» **Instructions to follow**:
Please copy, exactly as they appear below, the lines from the one containing "Cozy Family Inn Port Antonio Exterior foto" through the one containing "Anjaneyam 4BHK Heritage".

[Caption-style text data]
* * *

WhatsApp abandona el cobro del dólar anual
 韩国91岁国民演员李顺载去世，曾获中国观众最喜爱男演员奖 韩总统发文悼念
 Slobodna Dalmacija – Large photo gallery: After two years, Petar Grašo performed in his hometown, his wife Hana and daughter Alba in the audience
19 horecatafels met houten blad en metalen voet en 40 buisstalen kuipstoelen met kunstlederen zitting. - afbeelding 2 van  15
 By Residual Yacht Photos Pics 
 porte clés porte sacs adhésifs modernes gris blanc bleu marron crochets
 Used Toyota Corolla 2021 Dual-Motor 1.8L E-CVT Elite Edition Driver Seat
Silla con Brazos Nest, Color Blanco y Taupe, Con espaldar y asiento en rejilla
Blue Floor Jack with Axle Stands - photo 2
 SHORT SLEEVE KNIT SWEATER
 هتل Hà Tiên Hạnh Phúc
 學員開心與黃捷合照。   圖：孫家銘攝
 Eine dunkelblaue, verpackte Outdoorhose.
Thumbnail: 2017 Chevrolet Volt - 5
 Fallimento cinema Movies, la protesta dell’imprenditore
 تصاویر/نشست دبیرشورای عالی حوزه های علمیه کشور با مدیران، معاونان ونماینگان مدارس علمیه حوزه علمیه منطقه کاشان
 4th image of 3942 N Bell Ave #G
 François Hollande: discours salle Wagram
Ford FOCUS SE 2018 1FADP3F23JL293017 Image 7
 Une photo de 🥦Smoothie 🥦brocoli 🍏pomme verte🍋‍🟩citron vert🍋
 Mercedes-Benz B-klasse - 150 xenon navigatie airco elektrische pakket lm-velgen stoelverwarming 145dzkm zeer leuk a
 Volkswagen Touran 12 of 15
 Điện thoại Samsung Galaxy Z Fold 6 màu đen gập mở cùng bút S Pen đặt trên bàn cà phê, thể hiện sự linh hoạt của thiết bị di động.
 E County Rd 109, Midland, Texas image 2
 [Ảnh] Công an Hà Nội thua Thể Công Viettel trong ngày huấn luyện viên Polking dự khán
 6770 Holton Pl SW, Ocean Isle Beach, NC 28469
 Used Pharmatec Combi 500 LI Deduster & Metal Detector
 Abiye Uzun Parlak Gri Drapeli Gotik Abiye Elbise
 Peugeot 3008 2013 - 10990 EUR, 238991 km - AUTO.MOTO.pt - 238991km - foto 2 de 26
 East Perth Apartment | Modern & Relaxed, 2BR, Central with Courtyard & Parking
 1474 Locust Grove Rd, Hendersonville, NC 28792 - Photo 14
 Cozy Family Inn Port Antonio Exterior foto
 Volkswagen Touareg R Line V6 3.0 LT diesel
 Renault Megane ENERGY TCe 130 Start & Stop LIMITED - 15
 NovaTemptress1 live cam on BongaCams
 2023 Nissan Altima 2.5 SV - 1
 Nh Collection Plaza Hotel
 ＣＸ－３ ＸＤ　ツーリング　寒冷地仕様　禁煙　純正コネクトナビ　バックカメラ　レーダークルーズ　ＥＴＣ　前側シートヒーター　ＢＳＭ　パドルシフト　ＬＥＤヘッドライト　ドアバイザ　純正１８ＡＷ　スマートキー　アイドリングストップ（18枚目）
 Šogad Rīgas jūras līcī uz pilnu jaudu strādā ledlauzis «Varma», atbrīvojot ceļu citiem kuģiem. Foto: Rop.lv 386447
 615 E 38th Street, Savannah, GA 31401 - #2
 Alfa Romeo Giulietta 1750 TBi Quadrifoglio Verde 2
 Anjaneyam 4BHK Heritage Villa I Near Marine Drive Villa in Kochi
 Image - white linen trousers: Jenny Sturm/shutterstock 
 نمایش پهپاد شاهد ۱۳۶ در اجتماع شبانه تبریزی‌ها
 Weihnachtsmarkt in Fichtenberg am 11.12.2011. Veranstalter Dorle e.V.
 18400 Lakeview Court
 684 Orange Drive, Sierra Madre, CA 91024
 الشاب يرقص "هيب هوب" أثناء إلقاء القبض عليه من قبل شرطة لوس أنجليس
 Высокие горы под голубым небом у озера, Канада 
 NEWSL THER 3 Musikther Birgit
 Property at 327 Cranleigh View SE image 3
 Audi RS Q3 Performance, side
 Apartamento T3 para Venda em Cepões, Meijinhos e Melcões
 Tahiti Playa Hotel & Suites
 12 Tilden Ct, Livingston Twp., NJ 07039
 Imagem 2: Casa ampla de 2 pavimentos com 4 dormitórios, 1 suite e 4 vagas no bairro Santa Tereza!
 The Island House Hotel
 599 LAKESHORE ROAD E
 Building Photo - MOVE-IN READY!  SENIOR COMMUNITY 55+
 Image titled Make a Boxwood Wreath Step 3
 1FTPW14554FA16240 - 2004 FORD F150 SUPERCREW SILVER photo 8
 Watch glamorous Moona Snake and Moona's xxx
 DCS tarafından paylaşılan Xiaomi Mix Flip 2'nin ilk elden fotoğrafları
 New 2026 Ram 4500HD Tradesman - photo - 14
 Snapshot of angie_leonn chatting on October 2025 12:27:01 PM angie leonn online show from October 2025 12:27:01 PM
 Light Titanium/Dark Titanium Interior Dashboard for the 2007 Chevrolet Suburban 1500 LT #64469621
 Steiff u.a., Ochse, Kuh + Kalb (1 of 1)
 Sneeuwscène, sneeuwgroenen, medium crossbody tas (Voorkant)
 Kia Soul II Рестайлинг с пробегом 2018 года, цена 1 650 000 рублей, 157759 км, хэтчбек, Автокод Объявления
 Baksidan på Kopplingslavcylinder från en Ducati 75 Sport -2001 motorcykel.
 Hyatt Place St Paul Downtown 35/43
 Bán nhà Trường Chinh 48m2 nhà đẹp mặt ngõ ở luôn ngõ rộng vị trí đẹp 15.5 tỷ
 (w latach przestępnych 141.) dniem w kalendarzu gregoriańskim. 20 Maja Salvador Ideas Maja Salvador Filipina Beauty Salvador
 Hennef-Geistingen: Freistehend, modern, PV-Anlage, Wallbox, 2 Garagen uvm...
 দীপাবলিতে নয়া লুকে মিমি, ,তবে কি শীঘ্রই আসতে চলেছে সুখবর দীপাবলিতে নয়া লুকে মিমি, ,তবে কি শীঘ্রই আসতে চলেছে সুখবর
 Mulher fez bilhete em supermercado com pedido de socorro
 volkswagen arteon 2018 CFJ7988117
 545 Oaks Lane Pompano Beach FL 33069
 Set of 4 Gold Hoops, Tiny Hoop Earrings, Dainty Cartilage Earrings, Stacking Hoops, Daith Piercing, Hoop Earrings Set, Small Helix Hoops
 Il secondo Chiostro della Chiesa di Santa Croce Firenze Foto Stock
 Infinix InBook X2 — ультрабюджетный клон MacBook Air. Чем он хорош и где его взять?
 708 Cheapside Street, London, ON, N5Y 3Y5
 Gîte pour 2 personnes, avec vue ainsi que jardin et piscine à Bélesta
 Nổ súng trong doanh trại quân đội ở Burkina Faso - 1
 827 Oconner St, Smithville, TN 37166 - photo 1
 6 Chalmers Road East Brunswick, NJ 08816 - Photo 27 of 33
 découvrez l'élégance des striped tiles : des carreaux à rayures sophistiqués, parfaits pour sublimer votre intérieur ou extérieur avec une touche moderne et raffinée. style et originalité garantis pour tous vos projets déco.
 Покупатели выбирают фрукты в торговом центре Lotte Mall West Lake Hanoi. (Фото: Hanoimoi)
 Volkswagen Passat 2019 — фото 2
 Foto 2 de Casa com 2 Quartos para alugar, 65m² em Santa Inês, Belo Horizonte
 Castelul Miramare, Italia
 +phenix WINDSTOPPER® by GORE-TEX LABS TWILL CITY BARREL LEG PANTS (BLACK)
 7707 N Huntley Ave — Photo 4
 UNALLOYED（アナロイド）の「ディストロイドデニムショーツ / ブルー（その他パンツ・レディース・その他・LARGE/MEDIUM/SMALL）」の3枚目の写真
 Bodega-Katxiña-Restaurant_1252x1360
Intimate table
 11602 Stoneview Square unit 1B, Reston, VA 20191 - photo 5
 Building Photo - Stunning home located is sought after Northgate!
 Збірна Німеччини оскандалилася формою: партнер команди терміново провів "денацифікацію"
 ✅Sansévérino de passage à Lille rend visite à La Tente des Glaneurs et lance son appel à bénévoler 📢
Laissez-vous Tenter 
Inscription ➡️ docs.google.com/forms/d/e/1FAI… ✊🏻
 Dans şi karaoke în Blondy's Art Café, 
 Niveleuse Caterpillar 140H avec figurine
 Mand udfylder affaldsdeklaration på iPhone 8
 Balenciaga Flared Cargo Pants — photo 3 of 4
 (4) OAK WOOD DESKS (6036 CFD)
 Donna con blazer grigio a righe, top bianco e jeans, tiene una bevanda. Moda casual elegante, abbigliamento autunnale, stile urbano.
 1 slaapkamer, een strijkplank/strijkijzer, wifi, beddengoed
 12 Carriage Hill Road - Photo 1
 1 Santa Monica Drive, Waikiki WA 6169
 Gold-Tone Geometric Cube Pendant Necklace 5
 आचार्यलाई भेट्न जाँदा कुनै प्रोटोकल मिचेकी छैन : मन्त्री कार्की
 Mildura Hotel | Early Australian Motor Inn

* * *

» **Exercise response**:
 Cozy Family Inn Port Antonio Exterior foto
 Volkswagen Touareg R Line V6 3.0 LT diesel
 Renault Megane ENERGY TCe 130 Start & Stop LIMITED - 15
 NovaTemptress1 live cam on BongaCams
 2023 Nissan Altima 2.5 SV - 1
 Nh Collection Plaza Hotel
 ＣＸ－３ ＸＤ　ツーリング　寒冷地仕様　禁煙　純正コネクトナビ　バックカメラ　レーダークルーズ　ＥＴＣ　前側シートヒーター　ＢＳＭ　パドルシフト　ＬＥＤヘッドライト　ドアバイザ　純正１８ＡＷ　スマートキー　アイドリングストップ（18枚目）
 Šogad Rīgas jūras līcī uz pilnu jaudu strādā ledlauzis «Varma», atbrīvojot ceļu citiem kuģiem. Foto: Rop.lv 386447
 615 E 38th Street, Savannah, GA 31401 - #2
 Alfa Romeo Giulietta 1750 TBi Quadrifoglio Verde 2
 Anjaneyam 4BHK Heritage Villa I Near Marine Drive Villa in Kochi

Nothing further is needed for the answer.